Story Highlights
- The Supreme Court is expected to rule by early July on Trump’s executive order that would deny citizenship to children born in the U.S. to parents who are in the country illegally or on temporary visas
- During oral arguments, conservative justices including Amy Coney Barrett and Neil Gorsuch questioned the administration’s central legal theory, with Chief Justice John Roberts responding to the government’s argument by saying “It’s the same Constitution”
- Trump attended the April oral arguments personally, becoming the first sitting president to observe Supreme Court arguments, and posted afterward that the U.S. is “STUPID” for allowing birthright citizenship
What Happened
Several justices — including those Trump appointed — aggressively questioned the president’s effort to reimagine birthright citizenship during oral arguments. In response to the Trump administration’s argument that “we’re in a new world” since the Fourteenth Amendment was passed, Chief Justice John Roberts shot back: “It’s the same Constitution.” Conservative justices Amy Coney Barrett and Neil Gorsuch also questioned Trump’s central arguments.

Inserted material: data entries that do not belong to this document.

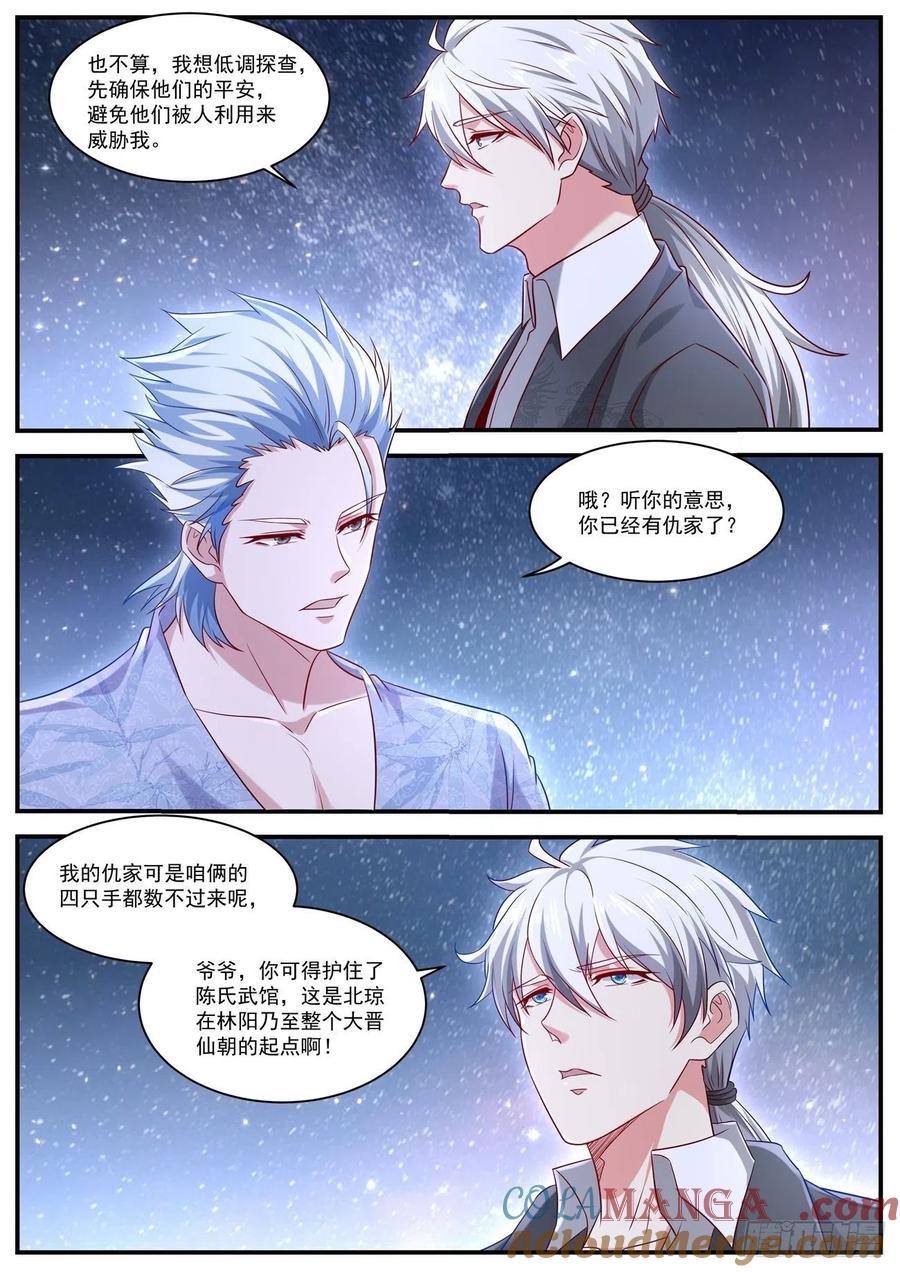 重生之都市修仙 第666话 第651回 第11页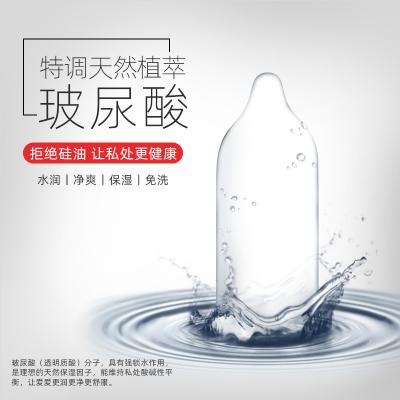 私激SIKI玻尿酸超薄乳橡胶安全避孕套_沸薄3只装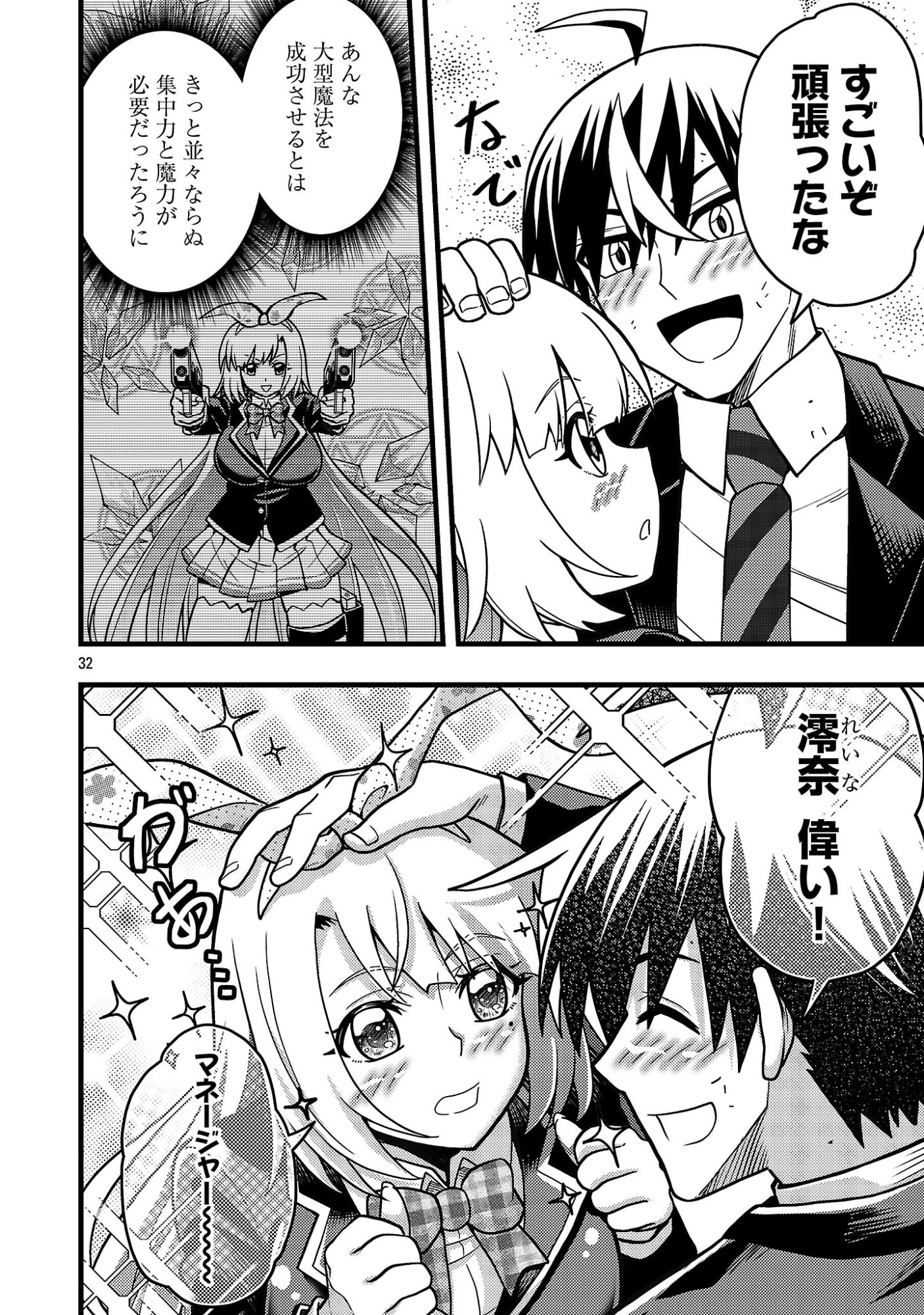 NETTO AIDORU NO HAISHIN WO TETSUDATTE ITA MANEEJAA NO ORE, NAZEKA BUZZUTTE SHIMAU Chap 13.3 - Pic 7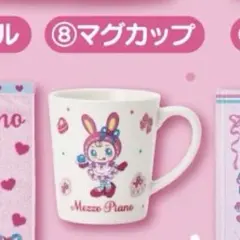 メゾピアノ 1番　くじ マグカップ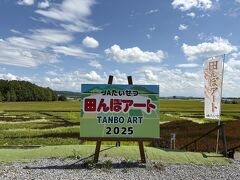 その後は旭川市をはるばる東から西に横切って毎年来ている田んぼアート見学。今年のテーマは！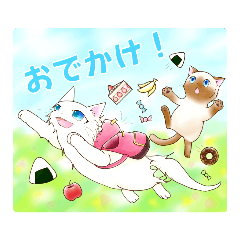 [LINEスタンプ] シロ猫とシャム猫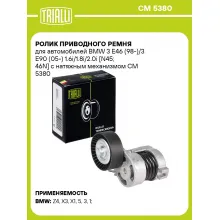 Ролик приводного ремня для автомобилей BMW 3 E46 (98-)/3 E90 (05-) 1.6i/1.8i/2.0i [N45; 46N] с натяжным механизмом CM 5380 TRIALLI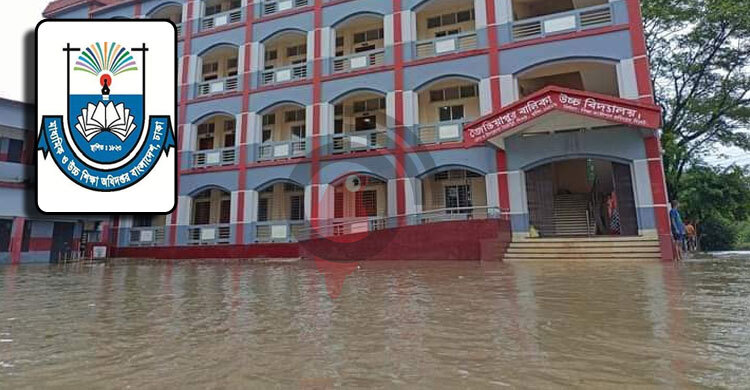 বন্যা: শিক্ষাপ্রতিষ্ঠানকে সরকারের ৪ নির্দেশনা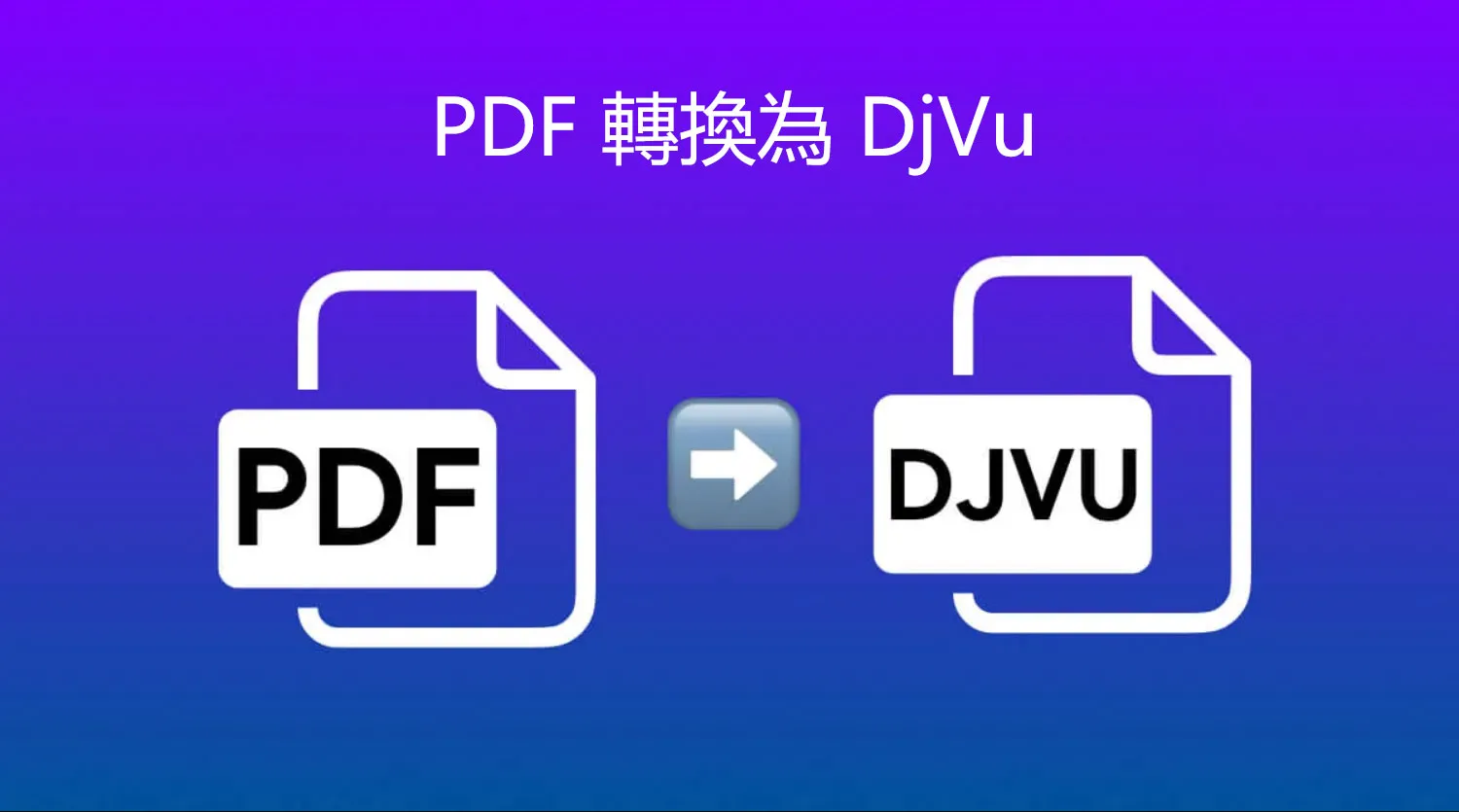 如何將 PDF 轉換為 DjVu 文件？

Trump attended the arguments for about 90 minutes, the first sitting president to do so. The court’s decision, expected by the end of June, could have enormous practical implications for millions of people, including U.S. citizens.
The future of President Trump’s executive order attempting to limit access to birthright citizenship is now positioned for a final decision from the Supreme Court. Questioning from the justices during approximately two hours of oral arguments in Trump v. Barbara suggests an icy reception for the Justice Department’s claim that the constitutional guarantee of citizenship turns on an innovative interpretation of the legal concept known as “domicile.” Without acceptance of that interpretation by the court, the Trump administration is unlikely to successfully defend the president’s directive.
Trump’s executive order says babies born in the U.S. are not entitled to citizenship if their parents are illegal immigrants or undocumented workers. After leaving the court, Trump wrote on Truth Social: “We are the only Country in the World STUPID enough to allow ‘Birthright’ Citizenship!”
President Trump has again sharply criticized the Supreme Court on social media, predicting the justices will rule against him on birthright citizenship and accusing members of the conservative majority — three of which he nominated — of undermining his economic agenda.
Why It Matters
Birthright citizenship is enshrined in the Fourteenth Amendment’s Citizenship Clause, ratified in 1868: “All persons born or naturalized in the United States, and subject to the jurisdiction thereof, are citizens of the United States.” That language has been interpreted consistently for over 125 years, since the Supreme Court’s 1898 ruling in United States v. Wong Kim Ark, to guarantee citizenship to virtually all children born on American soil regardless of their parents’ status. Trump’s executive order attempts to reinterpret the phrase “subject to the jurisdiction thereof” to exclude children of undocumented immigrants — a reading that every federal court to consider it has rejected as unconstitutional.
The constitutional stakes are profound. The Fourteenth Amendment was written specifically to prevent the government from stripping citizenship from individuals based on their origins or the status of their parents. It was a direct response to the Dred Scott decision, which had held that Black Americans could not be citizens. Reinterpreting the amendment’s plain text to deny citizenship to an entire class of people born on American soil would be a departure from 130 years of settled constitutional law — and would require the Court to essentially reverse Wong Kim Ark without ever explicitly doing so.
For the millions of Americans whose own citizenship or whose children’s citizenship could be affected, the case is existential. The executive order does not apply retroactively, but if upheld prospectively it would create a permanent underclass of U.S.-born individuals without legal citizenship status — people who would be stateless in the country of their birth, ineligible for federal benefits, unable to obtain passports, and vulnerable to deportation.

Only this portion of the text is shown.